Chaque jour, l’administration Trump ébranle le monde. Il ose proposer d’occuper la bande de Gaza pour en faire «la Côte d'Azur du Moyen-Orient», en évacuant ses plus de deux millions d’habitant-e-s, victimes de 16 mois de bombardements criminels visant à détruire la population civile palestinienne.
Sur l’Ukraine, il qualifie Zelensky de «dictateur» et exige des élections – comme si un pays occupé et en guerre pouvait organiser un scrutin dans de bonnes conditions – sous peine de l’exclure des négociations de paix. Il se range ainsi derrière Netanyahu et Poutine, des criminels de guerre qui méprisent le droit international. Et dont l’horizon est d’échapper aux mandats d’arrêt émis à leur encontre.
Trump n’est pas un «bouffon»
Ce ne sont ni de simples provocations, ni de la bouffonnerie, encore moins de l’incompétence. C’est un projet politique pensé et plus déterminé que jamais: démanteler les institutions multilatérales, museler les organisations critiques de leurs politiques, réduire la diplomatie à une pure logique de puissance militaire et économique.
En résumé, imposer un monde dans lequel les grandes puissances écrasent les plus petites (pas très nouveau) et menacent les autres par tous les moyens (ça, c’est nouveau). Les Etats-Unis ne se retirent pas du jeu international, ils changent les règles du jeu à la sauce Trump: menaces, humiliations, violence.
Un discours «très suisse», vraiment?
Face à ce basculement historique, on pourrait attendre de la Suisse qu’elle reste fidèle à ce qui a fait sa force: la défense du droit international et des droits humains, du multilatéralisme, des institutions qui garantissent une certaine stabilité et des politiques coordonnées. Mais au lieu de tenir cette ligne historique, une partie de la droite retourne sa veste.
Plutôt que de s’élever contre les attaques autoritaires de Trump et J.D. Vance, Karin Keller-Sutter, du Parti libéral-radical (PLR), a jugé son discours «très suisse».
«Très suisse», vraiment? Depuis quand la Suisse méprise-t-elle le multilatéralisme? Depuis quand considère-t-elle que les relations internationales doivent être dictées par la seule loi du plus fort? Depuis quand considère-t-elle que réguler les géants du numérique reviendrait à être contre la démocratie? Cette déclaration est une faute politique. Une présidente de la Confédération ne devrait pas dire ça.
Milei, leur modèle libertarien
Ces propos ne tombent pas du ciel. Une partie de la droite bourgeoise semble éprouver une fascination pour ces figures qui méprisent les institutions internationales et glorifient la brutalité.
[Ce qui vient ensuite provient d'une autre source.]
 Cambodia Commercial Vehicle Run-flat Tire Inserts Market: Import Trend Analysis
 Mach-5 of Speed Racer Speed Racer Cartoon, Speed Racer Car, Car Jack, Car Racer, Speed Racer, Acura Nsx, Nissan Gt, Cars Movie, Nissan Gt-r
Le président argentin Milei trouve par exemple un soutien enthousiaste en la personne de Philippe Nantermod, ancien vice-président du PLR Suisse. Il considère la recette Milei comme «une solution qui fonctionne». Solution, rappelons-le, qui consiste à passer les ministères à la «tronçonneuse», aux dépens de la classe moyenne et des plus pauvres.
Ce n’est pas le seul politicien suisse à avoir fait le déplacement à cette soirée, où figurait notamment l'ancien conseiller fédéral UDC Ueli Maurer et la présidente du parti d’extrême droite allemand AfD, Alice Weidel. Une constellation se dessine, comme dans de nombreux autres pays européens.
Agir au bord du précipice
Face à cela, il faut être clair: la Suisse ne peut pas rester passive. Encore moins lorsque son gouvernement banalise un discours qui sape les fondements de l’ordre international. C’est pourquoi les Vert-e-s suisses ont lancé une lettre ouverte adressée au Conseil fédéral, rejoignant notamment les critiques de l’ancien conseiller fédéral Pascal Couchepin.
Il faut en tirer des enseignements. Les avancées démocratiques ne sont jamais acquises. La montée de l’extrême droite n’est pas un hasard. Elle prospère là où les inégalités explosent, où les services publics se dégradent, où les citoyen-ne-s se sentent abandonnés et pensent ne plus avoir de prise sur la marche du monde. Les discours de haine trouvent un terreau fertile dans la précarité, le mépris et le désespoir.
Lutter contre Trump et ses soutiens n’est possible qu’en améliorant le quotidien de toutes et tous, ici et maintenant. C’est défendre une politique sociale forte, combattre les injustices, garantir des perspectives et prendre à bras-le-corps la lutte contre le changement climatique qui menace les bases de notre vie sur Terre C’est aussi permettre la confrontation, dans le débat public, de projets politiques radicalement différents.
Dans un monde où les forces réactionnaires attaquent tout ce qui s’oppose à leur modèle – les droits humains, l’écologie, la solidarité internationale –, il n’y a plus de place pour la complaisance. Il faut avoir le courage de choisir son camp. Entre écologie et barbarie, l’entre-deux n’est pas une option.